Así, las dos únicas razones por las que "los mercados" han venido echando ingentes cantidades de capital en la refinanciación de nuestros pasivos (hasta el punto de que los tipos de interés de la deuda pública española se hallan en mínimos históricos) han sido, por un lado, el rescate por la puerta de atrás que Mario Draghi orquestó en julio de 2012 y, por otro, las progresivamente mejores perspectivas de crecimiento de la economía española. Ahora, Luis de Guindos nos informa de que uno de estos dos pilares puede empezar a tambalearse, lo que podría obligar a redoblar la apuesta del BCE para apuntalar el otro (entiéndanse los recientes movimientos de Draghi en ese sentido), tensando la paciencia de los gobernantes alemanes… o, mejor dicho, de la opinión pública alemana (que eventualmente podría terminar diciendo basta).

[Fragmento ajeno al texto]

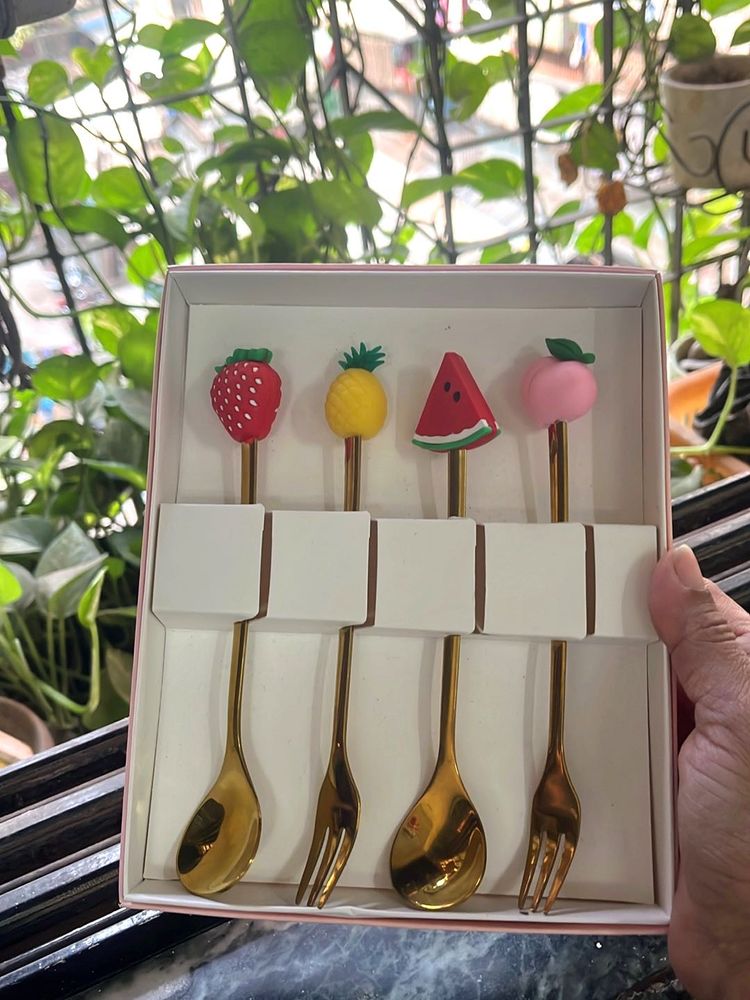 Fruit Topped Spoons &amp; Forks Set
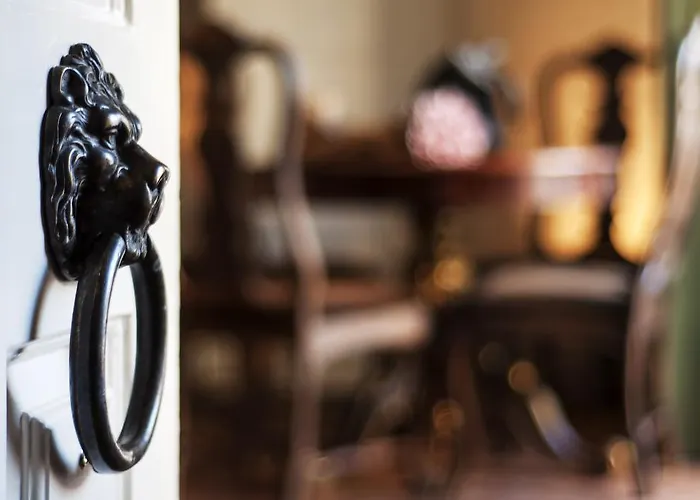 Alfama - St Estevao Viewpoint | Cheese & Wine Lägenhet *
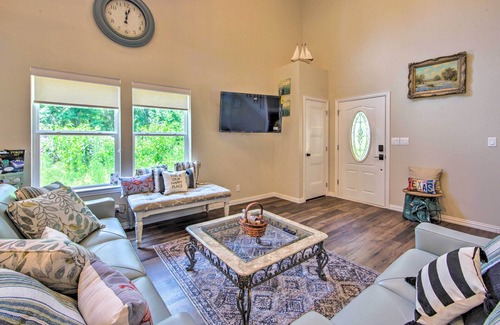Eustace House | Just-Built Eustace Getaway - Walk to the Lake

No es una predicción de lo que va a suceder –los economistas no somos oráculos–, pero sí es una advertencia de lo que podría terminar sucediendo. Desde que buena parte de los españoles se contagiaron del optimismo raizvigorosista del Gobierno, unos pocos hemos venido alertando de que los desequilibrios de la economía española estaban muy lejos de haberse remediado y que, mientras tanto, los riesgos de una recaída al estilo de la vivida en 2012 seguían presentes.
El propósito de tales advertencias no era el de adoptar una antipática pose de Pepito Grillo cenizo, sino evitar caer en una autocomplaciente parálisis: que el BCE nos hubiese sacado de la quiebra en 2012 y que, en consecuencia, iniciáramos una etapa de rebote no significaba que el déficit público hubiese dejado de ser un problema, que nuestro mercado de trabajo se hubiese liberado de sus tradicionales rigideces, que no padeciéramos una pertinaz carestía de ahorro o que mágicamente los sectores regulatoriamente oligopolizados se hubiesen abierto a la competencia. En suma, nada de lo anterior significaba que el tiempo y la necesidad de las reformas hubiesen terminado: al contrario, sólo significaba que desde fuera nos habían dado más tiempo para hacer las reformas que previamente nos habíamos negado a hacer.

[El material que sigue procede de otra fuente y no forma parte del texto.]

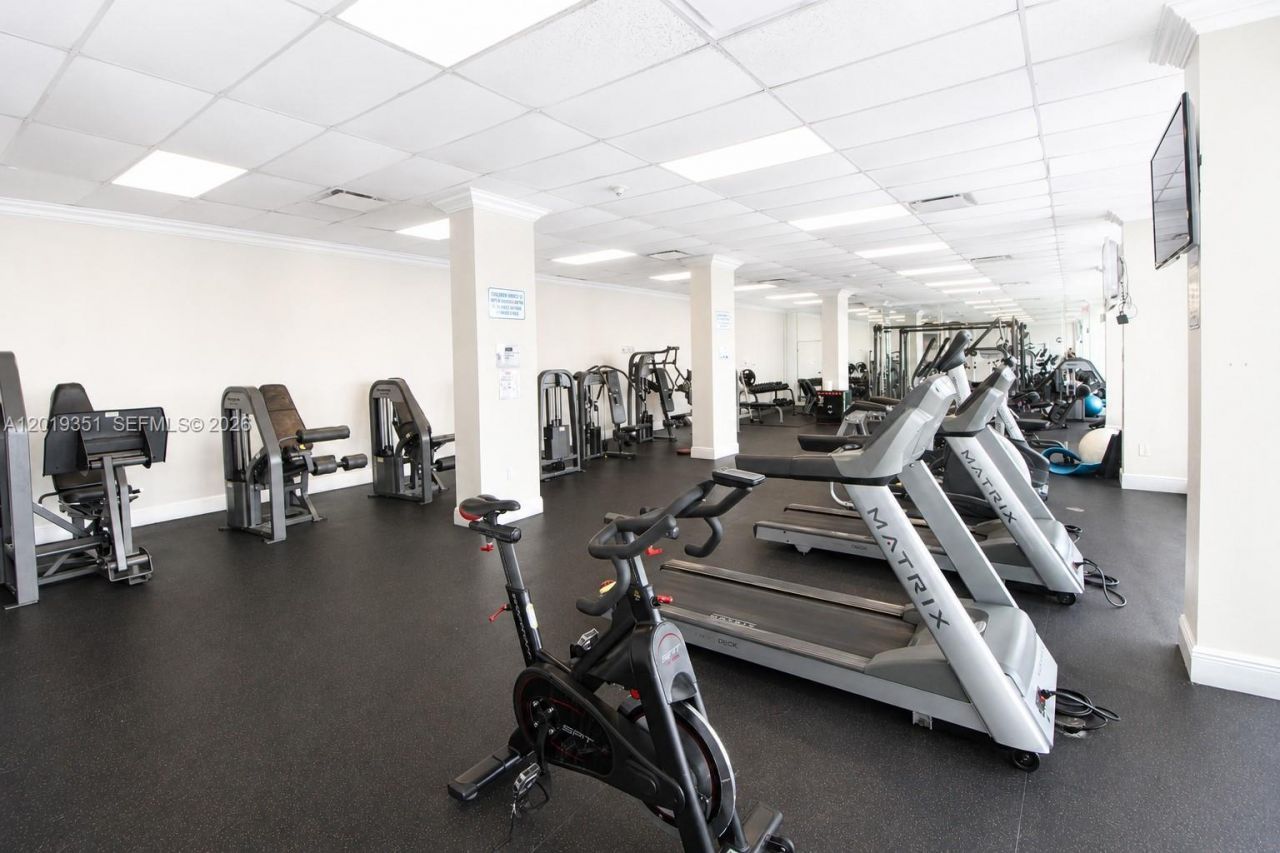 7135 Collins Ave , Unit 912, Miami Beach, FL 33141 Photo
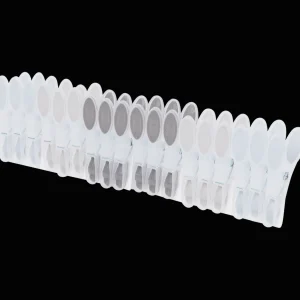 Action Schoonmaakartikelen^Kunststof wasknijpers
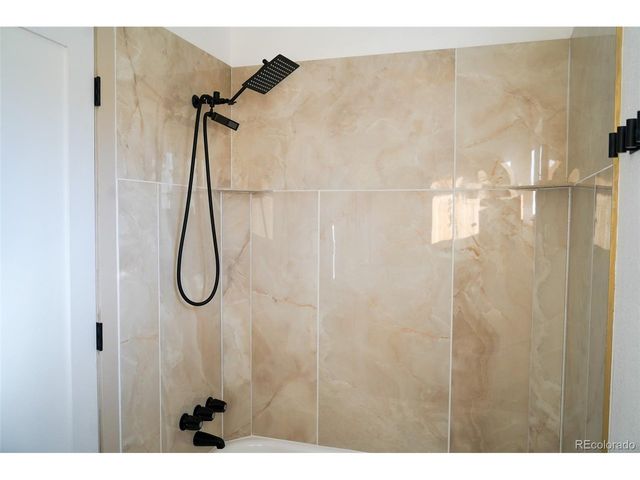 9857 Orangewood Dr, Thornton, CO 80260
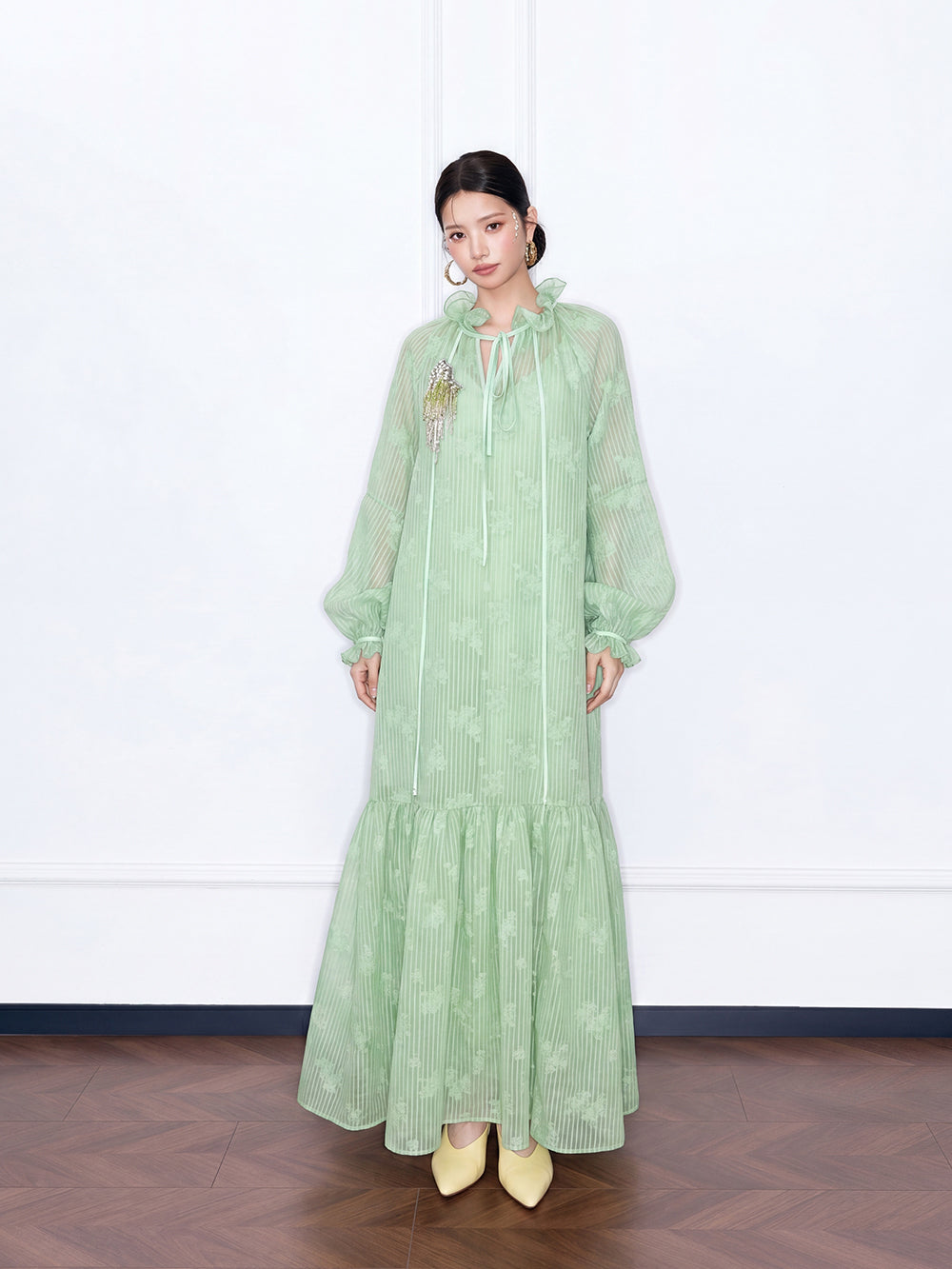 MUKZIN×Capsule Collection New Chinese-Style Hami Hand-Embroidered Dress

Pero Rajoy, al igual que Zapatero, optó por dormirse en los laureles de la burbuja de la financiación barata. Cuando la prima de riesgo dejó de alertar del desastre inminente, la reducción del gasto y las liberalizaciones desaparecieron de su agenda. Más bien al revés: tanto el Gobierno nacional como los autonómicos se embarcaron en un irresponsable populismo fiscal orientado a la caza de votos.

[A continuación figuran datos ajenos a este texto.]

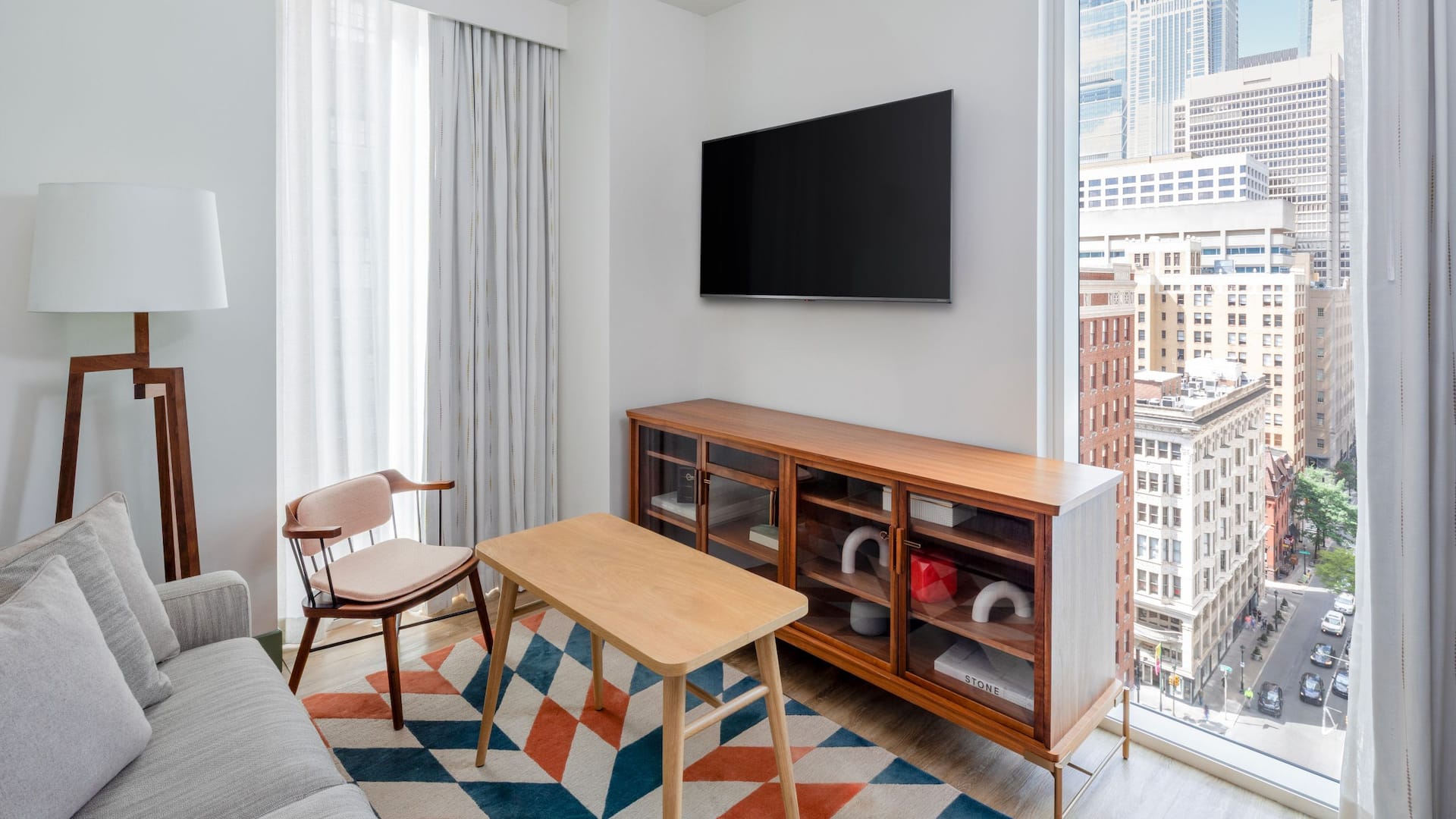 1 из 5 Hyatt Centric Center City Philadelphia Corner Suite Living Room
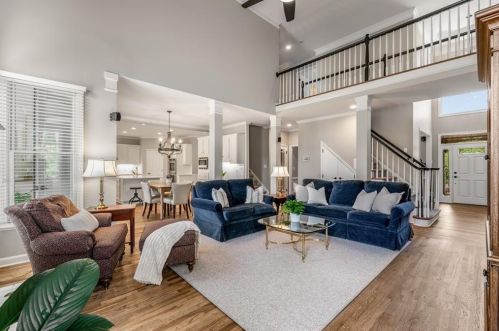 300 Devereux Downs, Roswell, GA 30075-2891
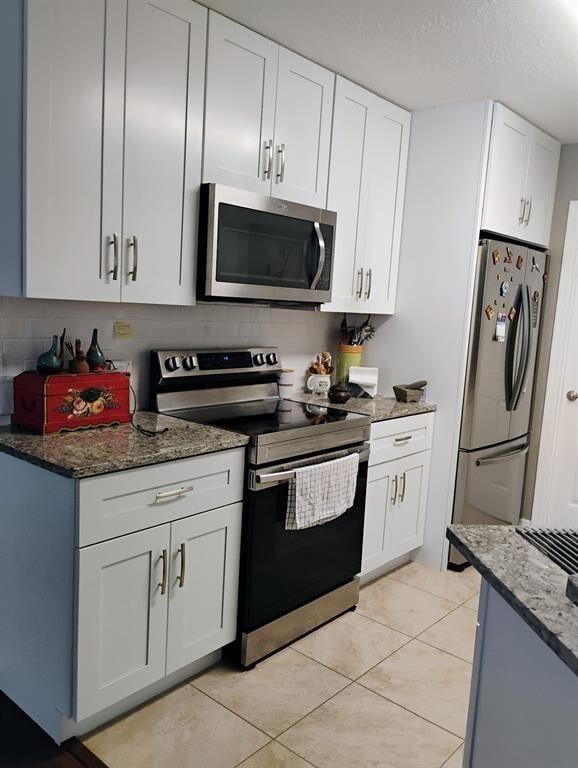 Building Photo - 14441 Dulce Real Ave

Que el ministro De Guindos nos informe ahora de que el crecimiento español se verá necesariamente lastrado por el estancamiento comunitario es un problema no tanto por las décimas de expansión del PIB que dejemos de contabilizar cuanto por la fragilidad que sigue caracterizando a nuestra economía debido a la total ausencia de reformas orientadas a subsanar sus desequilibrios. Nuestro principal factor de riesgo, pues, no viene de fuera, sino de dentro: de un Gobierno que se ha negado a aprovechar los últimos dos años de estabilidad financiera para efectuar con sosiego pero sin freno los ajustes que seguimos necesitando con urgencia. Si volvieran a pintar bastos, las culpas no habría que echárselas a la gripada locomotora europea, sino al dontancredismo de La Moncloa.